STANLIB MM Income comment - Sep 08 - Fund Manager Comment04 Nov 2008
The local fixed interest market received a boost during the quarter as investors started to anticipate the reduction of interest rates in 2009. The timing of this cut is the centre of much debate with some saying it could come as early as quarter 1 2009. With food and oil prices falling rapidly as a consequence of the intensifying financial crisis and the threat of a global recession it is likely that inflation will fall markedly in 2009. Unfortunately the Rand has weakened significantly as a result of distressed liquidations of equities and it is likely that this may offset the positive benefits of lower global inflation. This being the case then the Reserve Bank may only cut rates later in the year when the Rand and the global financial system is expected to be stable. But for now, fixed interest assets are being regarded as a default safe haven for diversified investors. The ALBI 1 - 3 year Index benchmark produced a 6.7% return for the quarter. While the Portfolio lagged marginally over this period, over longer periods it has outperformed after taking into account Portfolio management fees.
Both managers underperformed the benchmark for the quarter due to their less aggressive duration positioning in a rallying market. Clearly this positioning has helped over the past 12 months and in this regard African Harvest has produced the superior results. This Portfolio is currently well insulated from the global market turmoil through a larger than usual exposure to money market assets and should continue to produce solid results as global risk aversion increases.
STANLIB MM Income comment - Jun 08 - Fund Manager Comment12 Sep 2008
The market was pleasantly surprised by the delivery of only a 0.5% interest rate hike in June as the expectation had been created for a 1% hike. This was unfortunately not enough to protect the 1-3 year area of the bond market from loss during the quarter, and a 1.3% drop in the benchmark was experienced. The Portfolio was however marginally down thanks to a strong performance from STANLIBAM in particular, which benefited from a large exposure to near cash and lower exposure at the long end.

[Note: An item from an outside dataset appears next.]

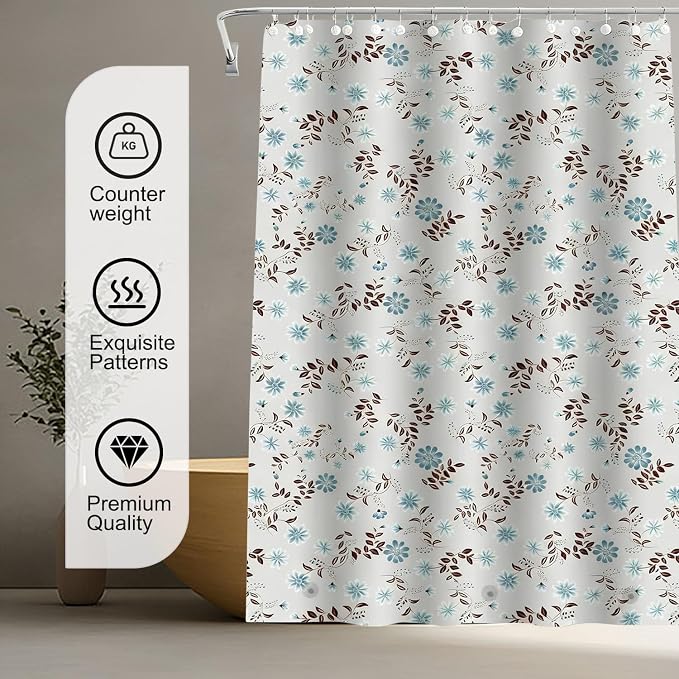TIKABC Shower Curtain Liner, 4G PEVA Shower Liner, Plastic Waterproof Shower Curtains, 72x72 inch with Grommet Holes 3 Magnetic Weights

Both managers beat the benchmark for the quarter, as did the Portfolio and over the past12 months the Fund out performed by around 1% which was pleasing.
Global inflation has become the new buzz word with many central banks having to raise rates to protect against it spiralling out of control. In their defence, the SARB has been raising rates since mid 2006, but this is now starting to severely impact the SA consumer, who accounts for around 40% of economic activity. Inflation is growing faster than wages resulting in a slowdown in disposable income growth and a contraction in spending. The upshot of this is that GDP growth may slow. This may encourage the SARB to lower rates early in 2009 (an election year) as general base effects and the re-weighting of the inflation basket, in favour of services at the expense of food, positively impact the inflation outlook for January 2009. Whilst it is likely that the SARB raises rates by a further 0.5% in August we would see this as the peak and the anticipation of lower rates in 2009 could positively drive returns from the income market in the4th quarter of 2008.

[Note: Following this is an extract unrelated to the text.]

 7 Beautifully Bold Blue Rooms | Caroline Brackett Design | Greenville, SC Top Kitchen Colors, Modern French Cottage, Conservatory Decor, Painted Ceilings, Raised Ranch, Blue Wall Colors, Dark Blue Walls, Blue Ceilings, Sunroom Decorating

STANLIB MM Income comment - Mar 08 - Fund Manager Comment04 Jun 2008
There were no rate hikes in the first quarter of 2008 as the MPC reflected on the impact of the four 0.5% hikes in 2007 and the unfolding global credit crisis which claimed Bear Sterns as its biggest victim to date. Although relatively insulated SA firms suffered under the poor sentiment and consequently SA corporate bonds (-5.6%) underperformed Government bonds (-1.5%) by a significantly wide margin. Long bond yields rose sharply. Shorter dated income assets faired better with the benchmark basket of 1 - 3 year bonds returning +1.6% for the quarter. Nett of fees the Portfolio marginally underperformed the benchmark over this period but pleasingly outperformed over the past 12 months.
Pleasingly both managers outperformed benchmark with surprisingly similar returns given that their portfolios are structured fairly differently from a duration and exposure to credit perspective. Post quarter end the MPC re-continued the process of raising interest rates confirming that it was serious in the fight against inflation, which registered 9.4% in February. Admittedly some of this is from the effects of higher wage settlements, but with economic growth under threat as the consumer takes increasing strain under the pressure of higher interest rates, food and energy prices, it will be interesting to see the next move from the Reserve Bank in trying to control a problem that is largely out of their control!